- Born: June 4, 1798 Buckfield (Chase's Mill), Massachusetts, later Buckfield, Maine
- Died: February 8, 1870 (aged 71) Pensacola, Florida
- Buried: Pensacola, Florida
- Allegiance: United States Confederate States
- Branch: U.S. Army Corps of Engineers Florida militia
- Service years: 1815–1856, USA 1861, Florida militia (later CSA)
- Rank: Major (USA) Major General (CSA)
- Conflicts: American Civil War

= William Henry Chase =

Florida planter and militia leader (1798–1870)

William Henry Chase (June 4, 1798 – February 8, 1870) was a Florida militia colonel during the events in early 1861 that led to the American Civil War (Civil War). On January 15, 1861, on behalf of the State and Governor of Florida, Colonel Chase demanded the surrender of Fort Pickens at Pensacola, Florida and of its U.S. Army garrison. Chase had designed and constructed the fort while he was a captain in the United States Army Corps of Engineers. Lieutenant Adam J. Slemmer, commander of the fort, refused the surrender demand. An informal truce between the administration of President James Buchanan and Florida officials, including their still sitting U.S. Senators, avoided military action at Pensacola until after the Battle of Fort Sumter in April 1861.

Chase was promoted to major general in the "Army of Florida" (Florida militia) a few days after his first demand for surrender of the fort. His entire military service to the emerging Confederate cause occurred during the secession crisis prior to the Battle of Fort Sumter. Chase repeated his surrender demand on January 18, 1861, but Fort Pickens was never surrendered to militia or Confederate States Army forces during the Civil War.

Chase, a United States Military Academy graduate, served in the U.S. Army Corps of Engineers from 1815 to 1856. He attained the rank of major and became the senior officer of the engineers along the Gulf Coast of the United States, where he was responsible for design, construction and maintenance of a number of forts, including those below New Orleans and at Pensacola, Florida and Key West, Florida.

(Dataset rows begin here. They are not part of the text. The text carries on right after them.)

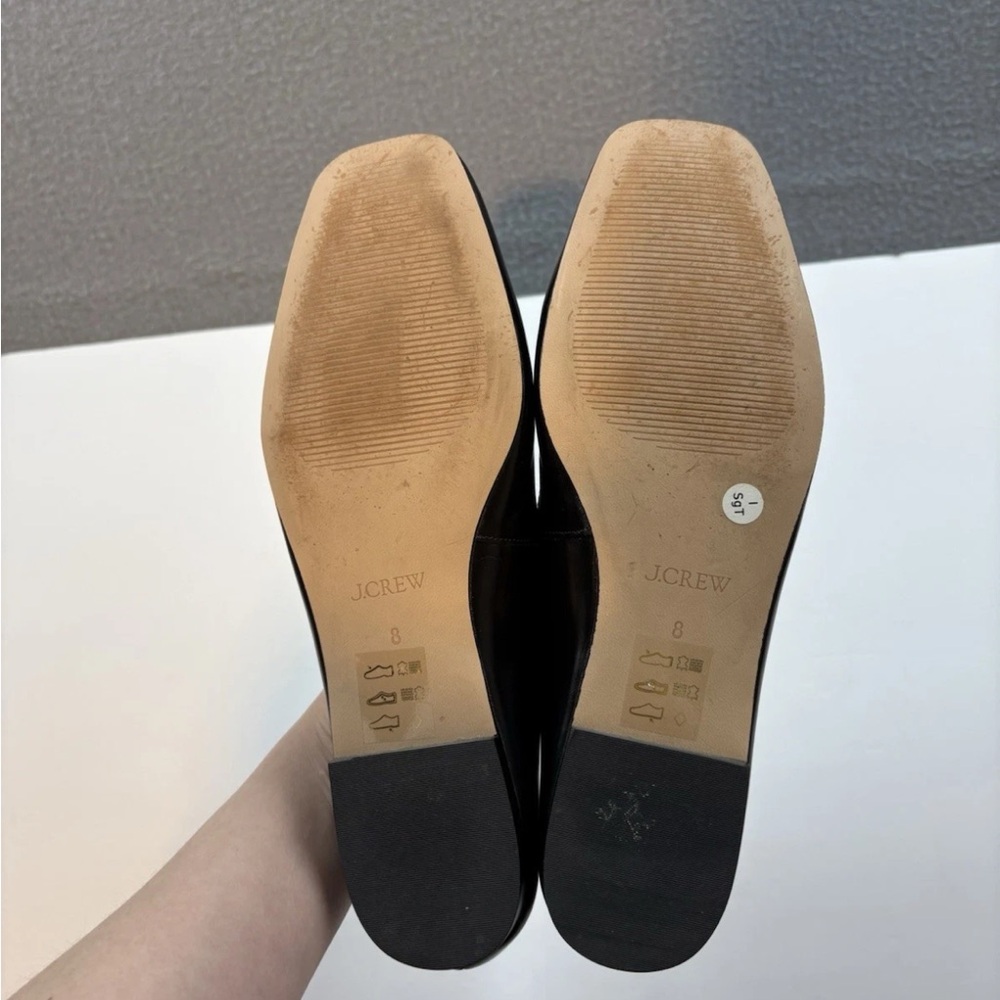 J Crew Quinn square-toe ballet flats in leather Black Size 8 - Picture 3 of 8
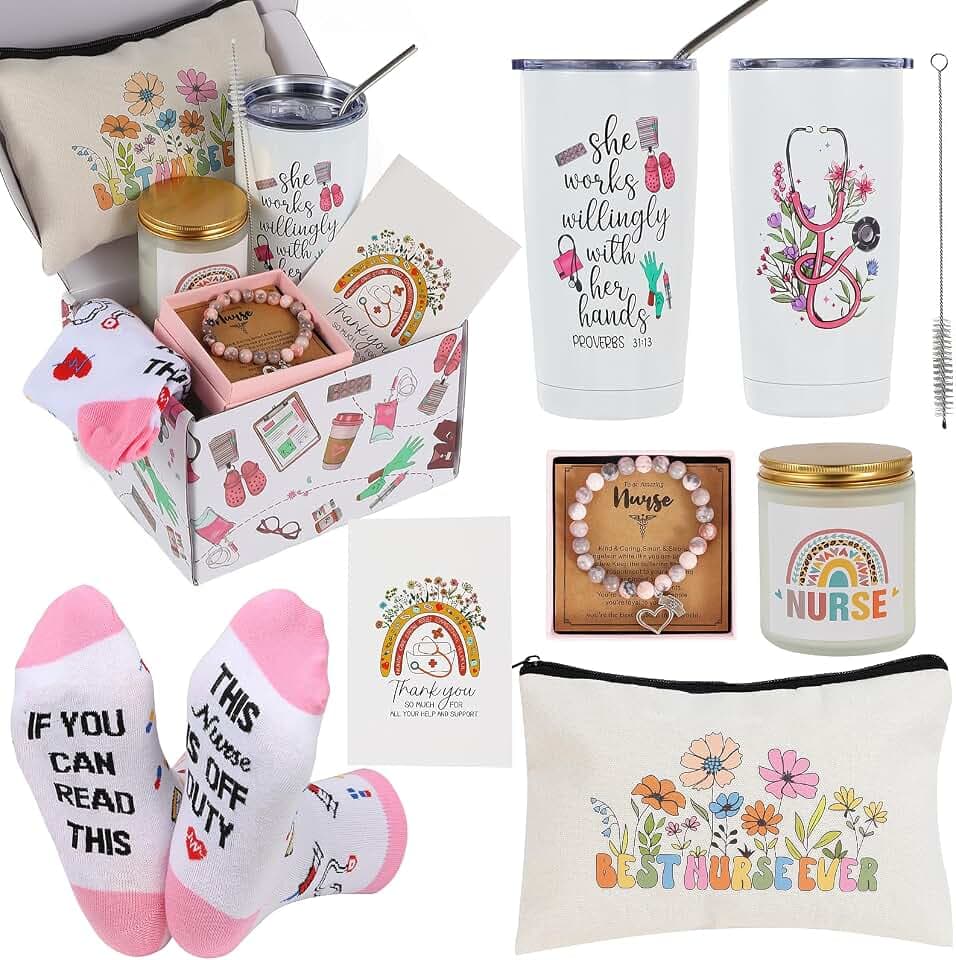 Bayelove Nurse Gifts for Women, Nurses Week Gifts, Nurse Appreciation Gifts, Tumbler Mug Cup Basket Gifts Set for Graduation, Nursing School, Nurse Practitioner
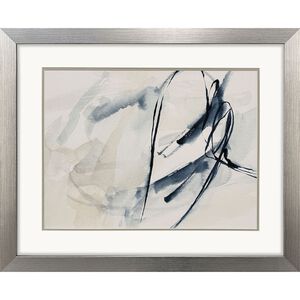 Indigo Markings Blue and Beige and Gray Framed Art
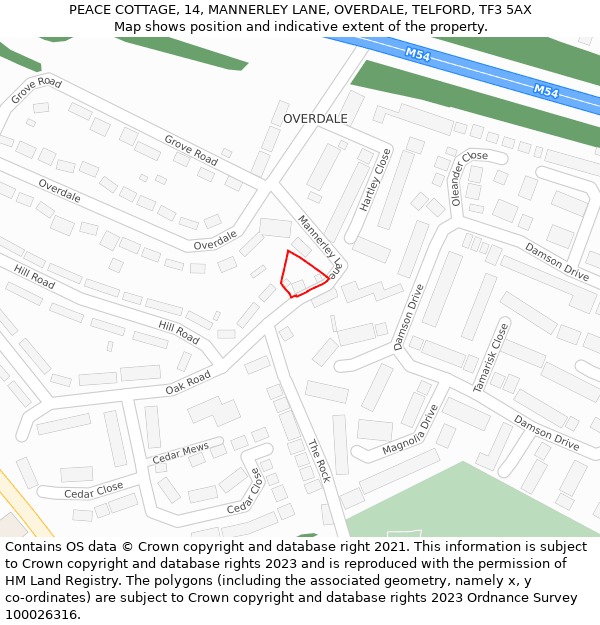 PEACE COTTAGE, 14, MANNERLEY LANE, OVERDALE, TELFORD, TF3 5AX: Location map and indicative extent of plot
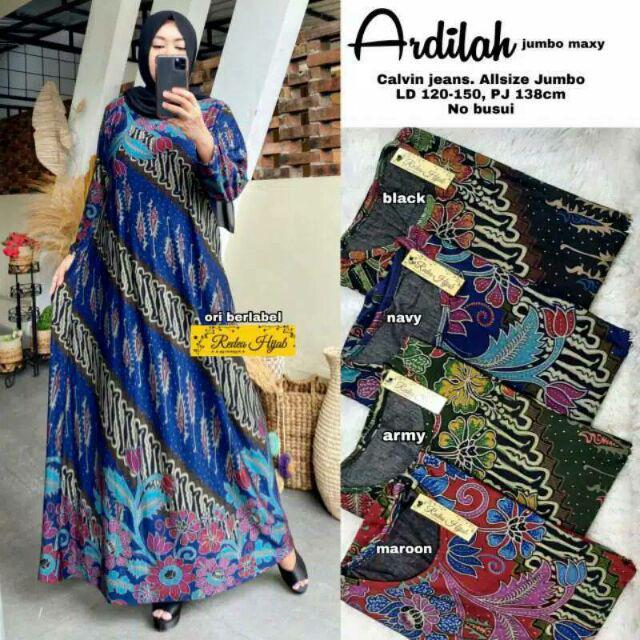 Baju Gamis Jumbo Melar Motif Batik Damar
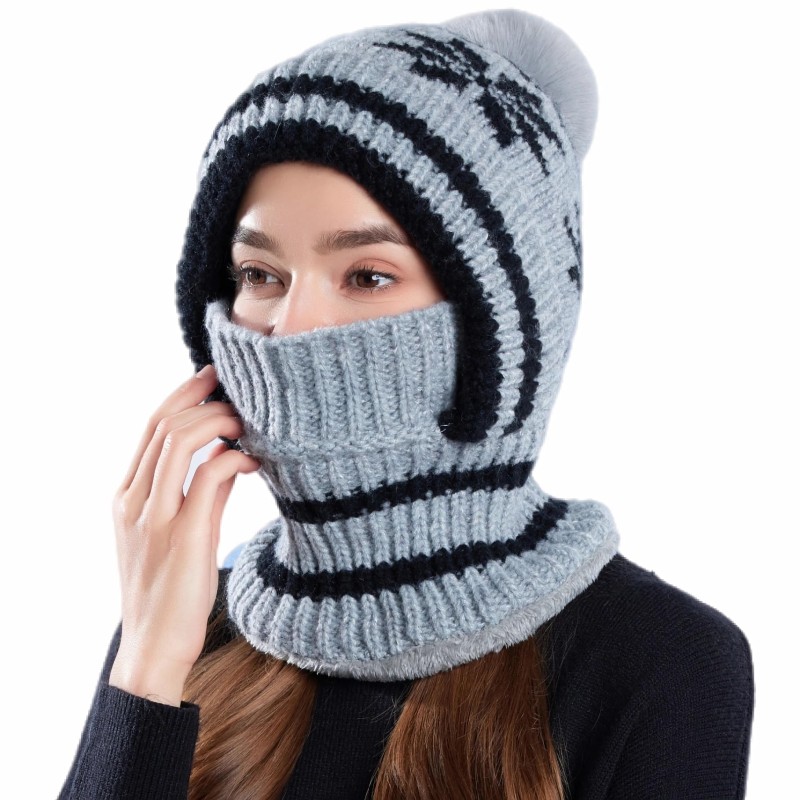 Women's Gray Knitted Fleece Lined Winter Balaclava with Pompom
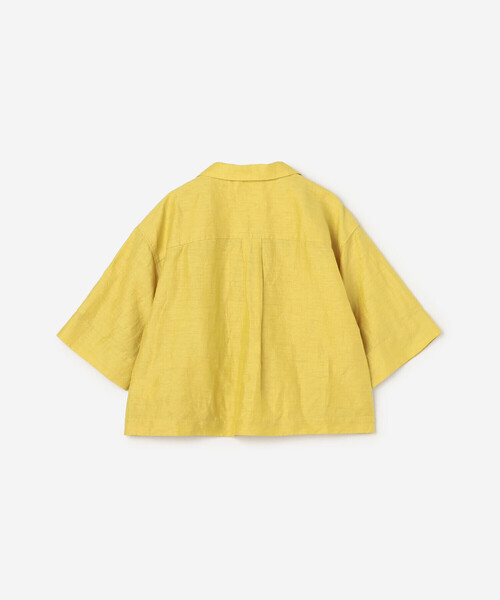 LE GLAZIK（ルグラジック）の「LE GLAZIK | リネンポリエステル オープンカラー半袖シャツ WOMEN（シャツ/ブラウス・レディース・グレー/アイボリー/ブラック/マスタード・36）」の6枚目の写真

Chase married into the southern Mathews family and developed plantation and business interests in the Pensacola area while promoting and supervising defense projects, all of which contributed to the growth of Pensacola as a city and thriving port. After his retirement from the U.S. Army, he was a slave owner, banker, president of the Alabama and Florida Railroad Company and writer in defense of the merits and importance of the cotton economy. After his role at the beginning of the Fort Pickens confrontation, the 62-year-old Chase returned to the operation of his business interests and took no part in the Civil War.

==Early life==
William Henry Chase was born in Buckfield (Chase's Mills), Massachusetts, now Buckfield, Maine, on June 4, 1798. His parents were Thomas Chase, member of an old Massachusetts family, and Sarah (Greenleaf) Chase, niece of John Hancock, president of the Second Continental Congress, signer of the United States Declaration of Independence and first and third Governor of Massachusetts.

Chase graduated from Phillips Academy, Class of 1812, and the United States Military Academy at West Point, New York in 1815. He was ranked thirteenth of forty in a class which included future explorer Benjamin Bonneville and Confederate Army General, Adjutant General and Inspector General Samuel Cooper.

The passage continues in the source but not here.